同じ掛川市にある高天神(たかてんじん)城が武田方に奪われた後、徳川家康が城攻めの拠点として築いたのが、横須賀城。大須賀市街の西の丘陵地帯にあり、山城から平城へと移る、中間期の平山城。完成は1576(天正4)年と1580(天正8)年の2説ある。初代城主は、徳川家康の家臣、大須賀康高。以来20代300年続いた歴史ある城だが、現在城郭などは残っていない。本丸跡一帯が史跡公園になっており、自由に散策が楽しめる。

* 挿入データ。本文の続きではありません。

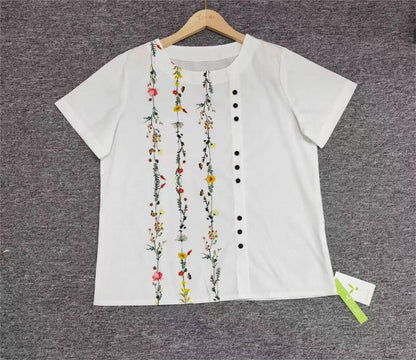 FallStil® - Weißes Floral Vine Kurzarm-Top mit Rundhalsausschnitt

かつての武田信玄と徳川家康の攻防の地、小高い能満寺(のうまんじ)山に建つ城跡。一帯は能満寺山公園として整備されている。1568(永禄11)年に武田信玄が砦を築き、1578(元亀2)年に修築して小山城(中世当時は平城だった)とした場所。近郷一望の展望台である天守閣が建つ。かつての三の丸跡に近年復元されたこの天守閣は、愛知の犬山城がモデル。1階・2階が史料展示室、5階の天守閣が展望台となっており、南アルプスや富士山、牧之原台地が一望のもとだ。

二重の堀と美しい石垣に囲まれた、市民憩いの場。かつて徳川家康が築城、余生を送った駿府城の跡で、日清戦争後の明治29年から終戦まで、静岡歩兵第三十四聯隊の兵営があった。兵舎建設の際に本丸、二の丸などが埋め立てられており、現存しない。現在は二の丸東御門と巽櫓(二の丸の東南角に建てられた三層ニ重の隅櫓)が復元されている。また昭和44年に堀底から発見された鯱は、1635(寛永12)年11月29日の火事で堀に崩落した東御門の鯱と推測されている。公園の中央には、徳川家康の銅像も立つ。銅像の横にあるミカンの木は、慶長年間に紀州徳川家から家康に献上された鉢植えミカンを家康が駿府城本丸内の紅葉山庭園に植えさせたもの。ツツジの公園としても知られており、5月上旬から下旬にかけて、約1万本のツツジがいっせいに咲き揃う。また公園内には、4つの異なる趣向を凝らした日本庭園と、本格的な茶室を備えた「紅葉山庭園」があり、庭園を眺めながらお茶をいただける。残念ながらこの庭園、往時の紅葉山庭園の復元ではない。